Interactive art and tech installation shares their stories March 28
A still image of one of the stop motion videos to be included in the event
Pratim Sengupta

Love, friendships, grief and pain are all part of an upcoming evening of interactive art by refugee youth titled Landings: Anti-Racist Futures in Stories.

The event on March 28 will feature five stations created by 30 refugee youth, telling the stories of newcomers in Calgary using mediums such as computer simulations, sketch and stop-motion animation, short documentaries, and songs. Through their art, the contributors, ranging in age from 14 to 21, will reimagine resettlement in an anti-racist framework. 

  • Photo above: A still image of one of the stop-motion videos included in the event. Created by Aiah Obid, Roya Karimi and Marwa Naseri (youth) who worked with Santanu Dutta (PhD student, learning sciences).

The event is part of a larger project funded by the Immigration, Refugees and Citizenship Canada (IRCC) — which has provided more than $1 million in support for two years — and is a collaboration with the Mind, Matter and Media Lab at the University of Calgary’s Werklund School of Education and the Youth and Anti-Racism (YARI) Collective. Under the guidance of Dr. Pratim Sengupta, PhD, of Werklund, and Dr. Pallavi Banerjee, PhD, of the Department of Sociology, the youths co-designed their projects with the support of UCalgary grad students.

Pratim Sengupta and Pallavi Banerjee

Pratim Sengupta and Pallavi Banerjee.

Samantha Lafleur

“What we have realized is [the youths], their lives are in quite segregated communities; they are either with their friends, or their families who all are either part of their communities or are people of colour,” says Banerjee. “Through the co-design process, [the youths] have developed a relationship with the team that is a different form of friendship. When they first got to our spaces, they were coming for their friends, but … I’m quite confident in the fact that now they also come for the interactions that they have with us and our team.”

Sengupta says the exhibit should provoke deeper thought in the audience about what anti-racism really is. 
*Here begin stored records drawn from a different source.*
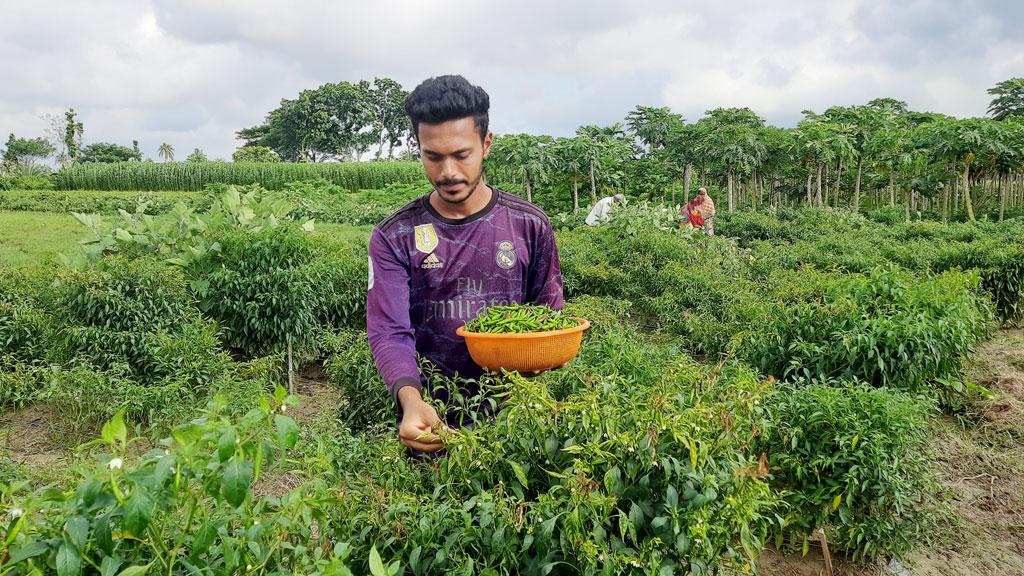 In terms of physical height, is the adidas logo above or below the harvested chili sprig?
above

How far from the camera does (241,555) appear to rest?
125 centimetres

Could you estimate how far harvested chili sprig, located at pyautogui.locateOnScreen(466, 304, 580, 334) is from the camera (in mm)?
2086

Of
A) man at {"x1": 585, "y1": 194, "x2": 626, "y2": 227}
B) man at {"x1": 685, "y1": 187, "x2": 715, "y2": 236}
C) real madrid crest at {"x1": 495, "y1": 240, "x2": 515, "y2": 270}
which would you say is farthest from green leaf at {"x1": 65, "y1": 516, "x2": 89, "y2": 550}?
man at {"x1": 685, "y1": 187, "x2": 715, "y2": 236}

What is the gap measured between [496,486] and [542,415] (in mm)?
195

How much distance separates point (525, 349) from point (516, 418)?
402mm

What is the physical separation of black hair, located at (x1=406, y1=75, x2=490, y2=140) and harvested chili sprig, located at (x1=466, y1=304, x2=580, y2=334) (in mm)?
641

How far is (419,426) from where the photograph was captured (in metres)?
1.84

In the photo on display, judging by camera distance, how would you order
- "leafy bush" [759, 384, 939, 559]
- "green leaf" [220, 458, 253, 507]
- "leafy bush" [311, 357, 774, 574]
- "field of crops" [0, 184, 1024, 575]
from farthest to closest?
"leafy bush" [759, 384, 939, 559]
"leafy bush" [311, 357, 774, 574]
"field of crops" [0, 184, 1024, 575]
"green leaf" [220, 458, 253, 507]

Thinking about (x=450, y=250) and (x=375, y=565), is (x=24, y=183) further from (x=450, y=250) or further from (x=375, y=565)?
(x=375, y=565)

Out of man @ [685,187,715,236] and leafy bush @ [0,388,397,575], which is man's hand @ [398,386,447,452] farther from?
man @ [685,187,715,236]

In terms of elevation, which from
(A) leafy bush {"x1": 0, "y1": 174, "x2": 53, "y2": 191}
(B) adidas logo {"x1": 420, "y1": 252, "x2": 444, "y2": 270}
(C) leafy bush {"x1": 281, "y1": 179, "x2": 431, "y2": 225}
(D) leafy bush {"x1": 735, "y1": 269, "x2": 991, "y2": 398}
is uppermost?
(A) leafy bush {"x1": 0, "y1": 174, "x2": 53, "y2": 191}

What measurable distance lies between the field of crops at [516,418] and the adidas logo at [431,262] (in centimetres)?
43

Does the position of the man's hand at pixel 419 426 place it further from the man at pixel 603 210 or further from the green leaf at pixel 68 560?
the man at pixel 603 210

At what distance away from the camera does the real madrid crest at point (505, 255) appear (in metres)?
2.46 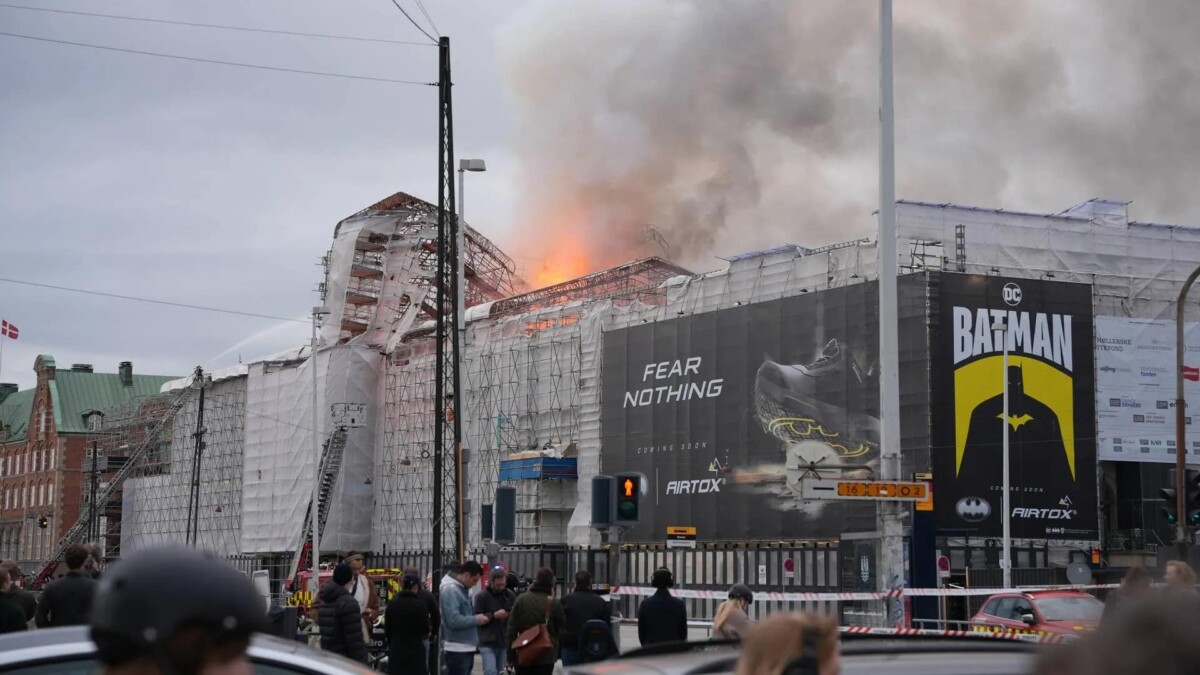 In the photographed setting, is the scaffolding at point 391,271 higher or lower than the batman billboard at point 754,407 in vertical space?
higher

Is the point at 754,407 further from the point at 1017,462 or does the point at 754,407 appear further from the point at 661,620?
the point at 661,620

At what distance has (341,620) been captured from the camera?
1436cm

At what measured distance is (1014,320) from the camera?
48.5m

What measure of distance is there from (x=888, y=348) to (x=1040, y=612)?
14.4 ft

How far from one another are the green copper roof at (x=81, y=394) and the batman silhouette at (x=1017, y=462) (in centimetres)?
7499

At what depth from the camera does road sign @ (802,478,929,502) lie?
1977 centimetres

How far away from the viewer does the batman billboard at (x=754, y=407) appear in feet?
159

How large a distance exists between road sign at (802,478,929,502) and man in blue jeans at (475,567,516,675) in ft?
15.9

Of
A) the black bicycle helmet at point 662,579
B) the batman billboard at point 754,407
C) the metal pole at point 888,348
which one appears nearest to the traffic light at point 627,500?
the black bicycle helmet at point 662,579

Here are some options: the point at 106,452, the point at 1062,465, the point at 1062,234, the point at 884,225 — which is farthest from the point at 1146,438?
the point at 106,452

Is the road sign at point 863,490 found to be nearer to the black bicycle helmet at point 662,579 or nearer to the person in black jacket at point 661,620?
the black bicycle helmet at point 662,579

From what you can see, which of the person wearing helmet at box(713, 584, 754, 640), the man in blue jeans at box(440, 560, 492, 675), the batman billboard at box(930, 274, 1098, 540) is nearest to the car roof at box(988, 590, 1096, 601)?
the man in blue jeans at box(440, 560, 492, 675)

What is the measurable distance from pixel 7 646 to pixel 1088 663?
4.71 meters

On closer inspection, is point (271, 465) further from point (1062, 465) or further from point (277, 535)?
point (1062, 465) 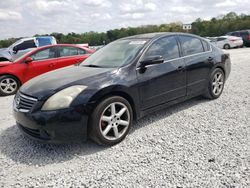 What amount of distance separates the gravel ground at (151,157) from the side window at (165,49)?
1093 millimetres

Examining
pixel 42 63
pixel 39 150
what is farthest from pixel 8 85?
pixel 39 150

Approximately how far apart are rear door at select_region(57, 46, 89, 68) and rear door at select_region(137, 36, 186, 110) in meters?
4.02

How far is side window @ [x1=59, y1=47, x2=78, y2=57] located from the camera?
7719 mm

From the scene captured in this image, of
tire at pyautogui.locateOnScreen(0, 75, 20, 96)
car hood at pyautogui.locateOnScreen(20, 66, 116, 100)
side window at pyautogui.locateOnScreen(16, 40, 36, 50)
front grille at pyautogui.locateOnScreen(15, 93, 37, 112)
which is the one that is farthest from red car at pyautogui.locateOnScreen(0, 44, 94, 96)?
side window at pyautogui.locateOnScreen(16, 40, 36, 50)

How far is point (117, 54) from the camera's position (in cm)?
410

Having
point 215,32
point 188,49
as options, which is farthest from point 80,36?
point 188,49

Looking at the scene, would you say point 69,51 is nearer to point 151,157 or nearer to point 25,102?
point 25,102

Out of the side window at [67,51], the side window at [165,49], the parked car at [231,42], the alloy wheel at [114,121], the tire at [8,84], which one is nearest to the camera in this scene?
the alloy wheel at [114,121]

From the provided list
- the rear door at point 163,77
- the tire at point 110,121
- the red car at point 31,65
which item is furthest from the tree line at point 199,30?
the tire at point 110,121

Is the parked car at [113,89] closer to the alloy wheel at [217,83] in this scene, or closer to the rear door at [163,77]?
the rear door at [163,77]

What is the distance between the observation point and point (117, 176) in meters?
2.65

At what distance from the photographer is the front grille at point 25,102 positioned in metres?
3.18

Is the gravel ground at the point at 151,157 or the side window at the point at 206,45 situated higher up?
the side window at the point at 206,45

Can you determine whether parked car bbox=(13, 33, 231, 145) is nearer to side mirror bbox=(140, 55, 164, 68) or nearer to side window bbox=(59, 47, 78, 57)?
side mirror bbox=(140, 55, 164, 68) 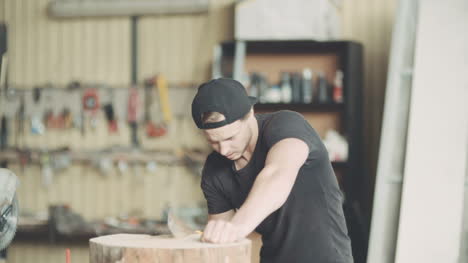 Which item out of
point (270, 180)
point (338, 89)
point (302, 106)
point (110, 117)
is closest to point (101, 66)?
point (110, 117)

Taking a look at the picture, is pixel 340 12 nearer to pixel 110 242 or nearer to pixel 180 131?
pixel 180 131

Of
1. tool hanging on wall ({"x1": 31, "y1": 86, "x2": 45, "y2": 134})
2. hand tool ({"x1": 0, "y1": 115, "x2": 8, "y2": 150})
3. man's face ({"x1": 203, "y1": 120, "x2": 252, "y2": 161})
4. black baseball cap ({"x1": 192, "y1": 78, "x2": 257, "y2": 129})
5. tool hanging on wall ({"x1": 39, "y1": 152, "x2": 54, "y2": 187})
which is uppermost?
black baseball cap ({"x1": 192, "y1": 78, "x2": 257, "y2": 129})

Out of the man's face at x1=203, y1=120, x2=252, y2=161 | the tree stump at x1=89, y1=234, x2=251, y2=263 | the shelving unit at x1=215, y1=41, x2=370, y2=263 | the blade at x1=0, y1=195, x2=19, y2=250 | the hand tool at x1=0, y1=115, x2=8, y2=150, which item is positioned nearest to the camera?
the tree stump at x1=89, y1=234, x2=251, y2=263

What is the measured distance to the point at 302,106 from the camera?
17.4 feet

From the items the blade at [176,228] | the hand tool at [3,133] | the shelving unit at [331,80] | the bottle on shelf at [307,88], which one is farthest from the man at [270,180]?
the hand tool at [3,133]

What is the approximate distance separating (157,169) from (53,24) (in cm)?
167

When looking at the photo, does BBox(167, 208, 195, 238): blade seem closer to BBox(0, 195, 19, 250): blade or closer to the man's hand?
the man's hand

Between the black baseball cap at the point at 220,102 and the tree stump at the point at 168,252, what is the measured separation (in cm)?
41

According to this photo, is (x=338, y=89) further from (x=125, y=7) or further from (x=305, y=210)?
(x=305, y=210)

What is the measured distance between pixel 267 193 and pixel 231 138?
11.9 inches

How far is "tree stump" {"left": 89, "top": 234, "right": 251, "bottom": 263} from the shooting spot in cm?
191

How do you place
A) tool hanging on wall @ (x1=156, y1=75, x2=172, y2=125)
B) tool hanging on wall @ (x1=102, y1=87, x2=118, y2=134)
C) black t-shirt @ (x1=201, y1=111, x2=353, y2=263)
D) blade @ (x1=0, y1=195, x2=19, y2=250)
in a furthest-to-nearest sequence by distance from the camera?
tool hanging on wall @ (x1=102, y1=87, x2=118, y2=134), tool hanging on wall @ (x1=156, y1=75, x2=172, y2=125), blade @ (x1=0, y1=195, x2=19, y2=250), black t-shirt @ (x1=201, y1=111, x2=353, y2=263)

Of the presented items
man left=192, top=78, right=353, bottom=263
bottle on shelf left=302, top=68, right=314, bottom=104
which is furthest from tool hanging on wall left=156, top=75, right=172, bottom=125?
man left=192, top=78, right=353, bottom=263

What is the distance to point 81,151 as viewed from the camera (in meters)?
5.76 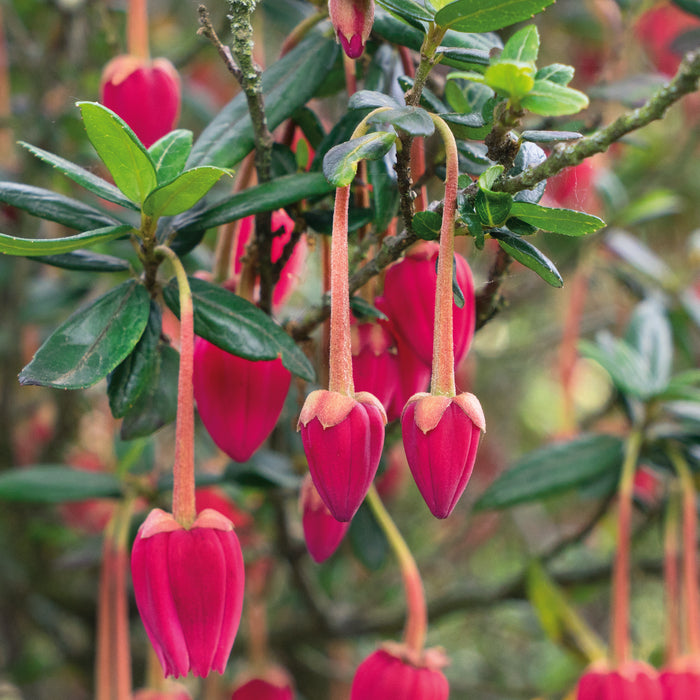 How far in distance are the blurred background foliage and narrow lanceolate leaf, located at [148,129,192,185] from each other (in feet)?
0.65

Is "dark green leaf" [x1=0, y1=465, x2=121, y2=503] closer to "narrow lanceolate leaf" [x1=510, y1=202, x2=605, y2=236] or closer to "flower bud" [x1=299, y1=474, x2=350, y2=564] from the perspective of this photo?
"flower bud" [x1=299, y1=474, x2=350, y2=564]

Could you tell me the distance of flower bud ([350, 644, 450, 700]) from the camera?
24.3 inches

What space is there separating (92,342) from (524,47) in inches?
12.8

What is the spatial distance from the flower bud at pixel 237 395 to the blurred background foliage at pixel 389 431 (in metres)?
0.20

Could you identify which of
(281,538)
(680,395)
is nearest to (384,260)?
(680,395)

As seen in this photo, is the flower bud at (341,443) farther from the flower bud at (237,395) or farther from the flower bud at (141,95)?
the flower bud at (141,95)

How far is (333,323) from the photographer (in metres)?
0.45

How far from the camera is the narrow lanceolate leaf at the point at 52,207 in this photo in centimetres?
58

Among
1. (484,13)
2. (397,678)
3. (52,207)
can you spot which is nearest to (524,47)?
(484,13)

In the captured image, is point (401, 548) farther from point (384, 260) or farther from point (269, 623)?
point (269, 623)

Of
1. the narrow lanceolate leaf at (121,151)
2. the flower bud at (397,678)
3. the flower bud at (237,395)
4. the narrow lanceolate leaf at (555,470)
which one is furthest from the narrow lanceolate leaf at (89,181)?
the narrow lanceolate leaf at (555,470)

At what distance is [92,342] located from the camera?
0.54m

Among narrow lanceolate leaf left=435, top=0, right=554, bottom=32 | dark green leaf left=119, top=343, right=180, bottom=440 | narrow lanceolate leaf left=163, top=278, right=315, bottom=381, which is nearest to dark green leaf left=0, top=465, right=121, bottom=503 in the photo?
dark green leaf left=119, top=343, right=180, bottom=440

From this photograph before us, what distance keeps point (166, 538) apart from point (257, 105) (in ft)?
0.95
“The idea of anti-racism is often on websites, at institutions and in research papers in very dogmatic ways … as if it’s a settled thing like, ‘Here’s how to be anti-racist,’ or it’s a checklist, and institutions adopt that voice a lot, but without really making meaningful changes,” says Sengupta. “And what we want is not that in this project. They are youth of colour, they are refugee youth of colour, and the countries they have left behind are not just countries, it’s their homes. 

“On one hand, there is a lot of hope and a lot of joy and dreams about making a new home in Canada but, on the other hand, there is also a sense of loss and grief. And there is love in both places.” 

Banerjee and Sengupta say a major highlight was how the work with the youths changed both themselves and their grad students.

A still image of one of the sketch animations by Santanu Dutta (PhD student, Learning Sciences) who worked with youth contributors Yasra Sabir and Asra Sabir

A still image of one of the sketch animations by Santanu Dutta (PhD student, Learning Sciences) who worked with youth contributors Yasra Sabir and Asra Sabir.

Pratim Sengupta

“I think we all had very academic ideas of what it means to work with the youth, what it means to do anti-racist work, and I think that has been dismantled,” Banerjee says. “‘Dismantling’ is one of the key processes of doing anti-racist work, and I think what this has done is dismantle some of [the] hardened ideas we came with. We re-learned and we were changed by our interactions with the youth and the stories they were sharing with us.” 

The youth come from all over the globe including countries such as Eritrea, Syria, Yemen, Afghanistan, Ivory Coast, Congo, Azad Kashmir and Pakistan. One of the many stories at the installation is told by Aiah Obid, Roya Karimi and Marwa Naseri. The three are close friends and describe this friendship and the similarities they share through a mix of audio and sketch animation done by Santanu Dutta, a learning sciences PhD student supervised by Sengupta.

This evening is considered a pilot and Banerjee and Sengupta hope to host similar events in the future. In fact, plans are already underway for the next year’s, focusing on youth reimagining the city and city infrastructure.

“We’ve been changed by our interaction with the youth, we have learned to imagine a better future and I’m hoping that people who come to the installation experience the love and are also changed by it,” says Banerjee.
Community partner organizations supporting the event include: Calgary Catholic Immigration Society, Calgary Immigrant Women's Association, Calgary Bridge Foundation for Youth, and Centre for Newcomers.

The installation is open from 6 to 8 p.m. on March 28 at the Red and White Club at McMahon Stadium. Admission is free, but registration is required.